I have designed a Sallen-Key bandpass filter with a centre frequency of 5000 Hz, a Q factor of 2 and an H0 of 5.
I am trying to figure out why it responds as seen here to square wave with a frequency of 200 Hz
My interpretation is something like this
but I'm really struggling to figure why it ripples instead of just spiking and why it looks more like an impulse response
Best Answer
A square wave of 200 Hz contains odd harmonics all the way to infinity. The 25th harmonic of 200 Hz is 5 kHz hence you see the band pass filter extracting this harmonic and greatly amplifying it.

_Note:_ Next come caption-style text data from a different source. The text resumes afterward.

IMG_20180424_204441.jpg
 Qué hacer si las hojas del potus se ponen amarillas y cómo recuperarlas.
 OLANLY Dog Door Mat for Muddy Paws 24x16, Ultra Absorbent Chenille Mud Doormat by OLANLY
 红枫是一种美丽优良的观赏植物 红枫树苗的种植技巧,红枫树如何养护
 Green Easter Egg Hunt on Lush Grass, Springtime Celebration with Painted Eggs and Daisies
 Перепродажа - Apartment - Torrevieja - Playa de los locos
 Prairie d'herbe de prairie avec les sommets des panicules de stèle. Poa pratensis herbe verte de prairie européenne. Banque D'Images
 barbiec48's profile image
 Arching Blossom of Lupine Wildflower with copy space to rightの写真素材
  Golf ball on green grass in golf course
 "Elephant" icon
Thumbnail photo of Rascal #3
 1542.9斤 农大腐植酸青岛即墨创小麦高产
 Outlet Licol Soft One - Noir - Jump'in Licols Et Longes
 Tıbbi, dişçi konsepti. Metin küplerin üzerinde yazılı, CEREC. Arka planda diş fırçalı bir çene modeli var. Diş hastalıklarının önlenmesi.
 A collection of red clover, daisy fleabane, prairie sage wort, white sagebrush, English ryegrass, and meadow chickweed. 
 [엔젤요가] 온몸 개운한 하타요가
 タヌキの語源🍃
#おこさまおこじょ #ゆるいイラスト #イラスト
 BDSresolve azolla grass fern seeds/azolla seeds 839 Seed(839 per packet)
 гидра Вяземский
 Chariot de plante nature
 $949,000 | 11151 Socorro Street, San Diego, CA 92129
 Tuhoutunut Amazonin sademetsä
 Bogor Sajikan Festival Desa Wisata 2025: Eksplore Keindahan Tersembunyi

Here's a picture of the spectrum of a band pass filter on the 17th harmonic (nearest I could find): -
Picture taken from Acoustics and Psychoacoustics: Introduction to sound - Part 8
So, if you look at the step response of a band pass filter you will see waveforms like this: -
Your circuit (Q = 2) will have a zeta of 0.25 (pretty close the the green trace) and each time the square wave pattern changes you get the step response repeating again and again.
Your interpretation is flawed - a sallen key filter isn't the same as two cascaded 1st order filters because two cascaded filters cannot, by mathematical or practical definition, produce a Q greater than 0.5 and therefore cannot generate decaying sinewave responses as you see.